At an appellate hearing this morning in case no. 616432, counsel for the Washington State Human Rights Commission urged the court to reverse an administrative law judge’s dismissal, arguing that enforcement of Summerwalk Homeowners Association covenants against homeowner Joseph Mitchell is covered by the state’s anti‑discrimination statute as a service tied to the original real‑estate transaction.
"The court should reverse the administrative law judge's final order dismissing the commission's amended complaint for lack of jurisdiction," counsel Cassandra Baker told the panel, arguing the ALJ treated a merits question as jurisdictional and reached the wrong conclusion on whether covenant enforcement is a covered service.
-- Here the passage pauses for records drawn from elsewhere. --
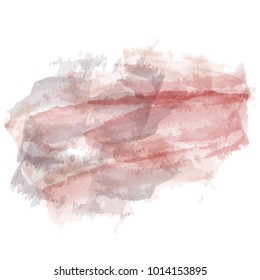 Watercolor abstract template background vector art pastel pink white grey hand drawn idea design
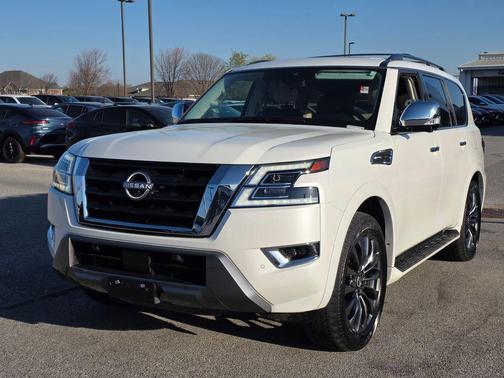 Aspen White Tricoat 2024 Nissan Armada Platinum 4WD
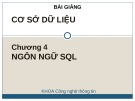 Bài giảng Cơ sở dữ liệu: Chương 4 - ThS. Nguyễn Thị Uyên Nhi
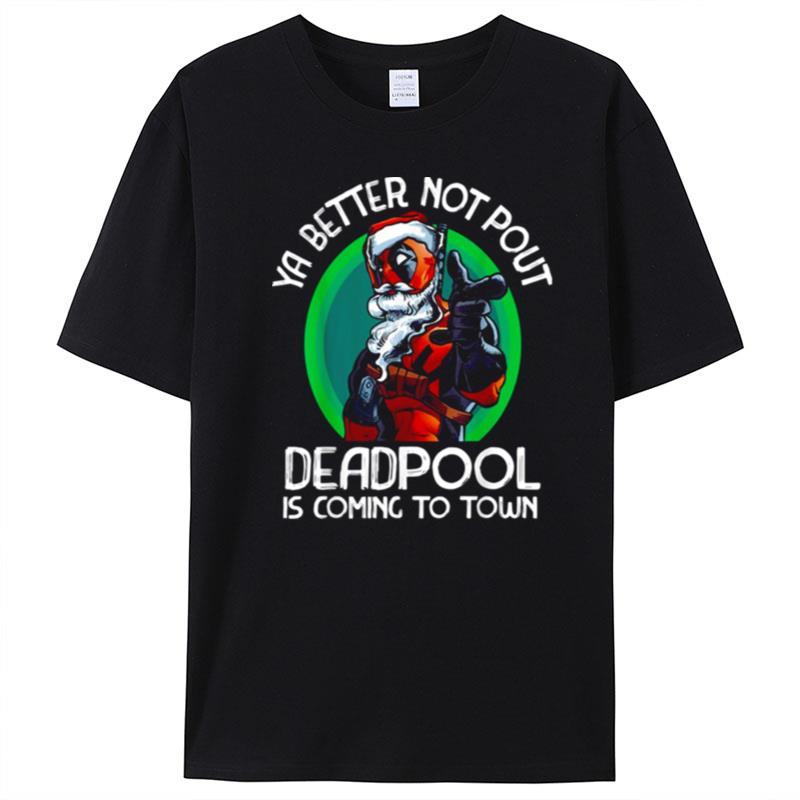 Deadpool Is Coming To Town Christmas T-Shirt Unisex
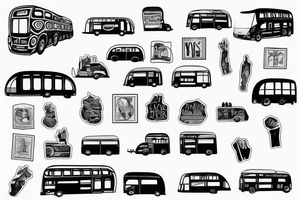 Prague bus tattoo idea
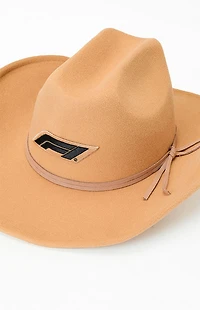 Formula 1 x Pacsun United States Grand Prix 2025 Wheat F1 Cowboy Hat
The commission’s argument, Baker said, rests on the premise that Mitchell, an African American man who purchased a home in the Summerwalk development, was required by his deed to be bound by the declaration of covenants, conditions and restrictions (CC&Rs), to become an HOA member and to pay mandatory dues for property‑management services that would be provided in the future. Those obligations, Baker said, create a service relationship tied to the sale: "The enforcement of the covenants that govern every property in the community is a service to the community," she said, and the enforcement notices themselves stated they help "protect everyone's property values."
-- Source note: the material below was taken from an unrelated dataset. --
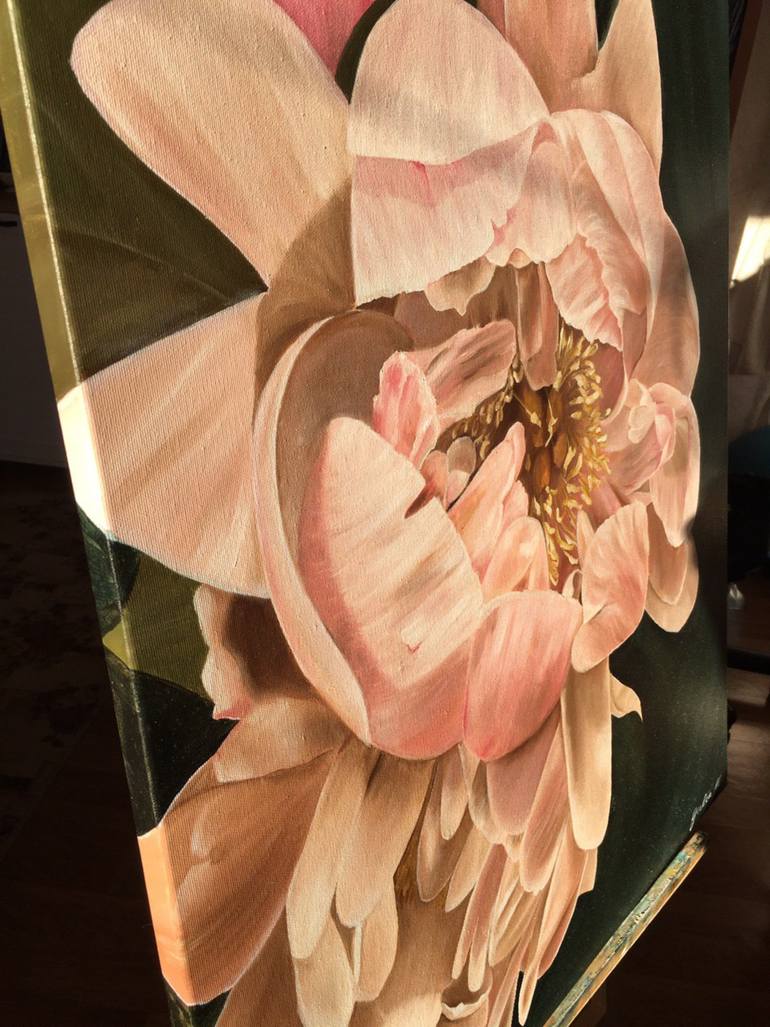 Original Modernism Floral Painting by Yuliia Melnyk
Responding, Michelle Nassar, appearing for respondent Summerwalk HOA and related parties, urged a narrower reading. She told the court the statute limits the Commission’s jurisdiction to defined "real estate transactions" and that community enforcement of CC&Rs is an optional governance practice, not a service purchased as part of a sale: "The sale transaction only involves the seller and the purchaser. It doesn't mention the HOA," Nassar said.
The bench probed whether the statute’s language permits an expansive temporal reach—i.e., enforcement actions years after a sale—and whether the legislature intended an agency investigation into long‑past neighborhood disputes. Baker replied that the statutory provision cited in the transcript (rendered there as "RCW 49 62 22 1 b") imposes no explicit temporal limitation on services "furnished in connection" with a transaction and that the Commission is required to investigate complaints that allege violations of the real‑estate provisions (the transcript also cites "RCW 49 62 41 c"). Baker emphasized the remedial purpose underlying the statute and cited precedent the Commission views as supportive, including Tafoya v. Washington State Human Rights Commission and a federal appellate decision involving post‑purchase enforcement of condo rules (referred to in argument as the Bloch/Block matter).
Nassar countered that Tafoya is distinguishable because it concerned continuing rental/lease relationships that are explicitly listed in the statute and that permitting agency oversight of private HOA rule enforcement would subject homeowners and neighbor disputes to state investigations: "This is a private matter. It is not for the state to intervene," she said.
Both sides were asked to address whether the statutory phrase "services associated with the real estate transaction" should be read narrowly—limited to lending, brokerage and other discrete transactional services—or broadly to include covenant enforcement that flows from mandatory membership terms. The panel’s questions repeatedly focused on (1) whether a qualifying "transaction" must be ongoing or discrete, and (2) whether the statute’s remedial goals require a liberal construction that would cover post‑sale enforcement actions.
The oral argument concluded after each side reserved time for rebuttal; the panel thanked counsel and ended the second of three cases for the morning. The court did not announce a decision at the hearing.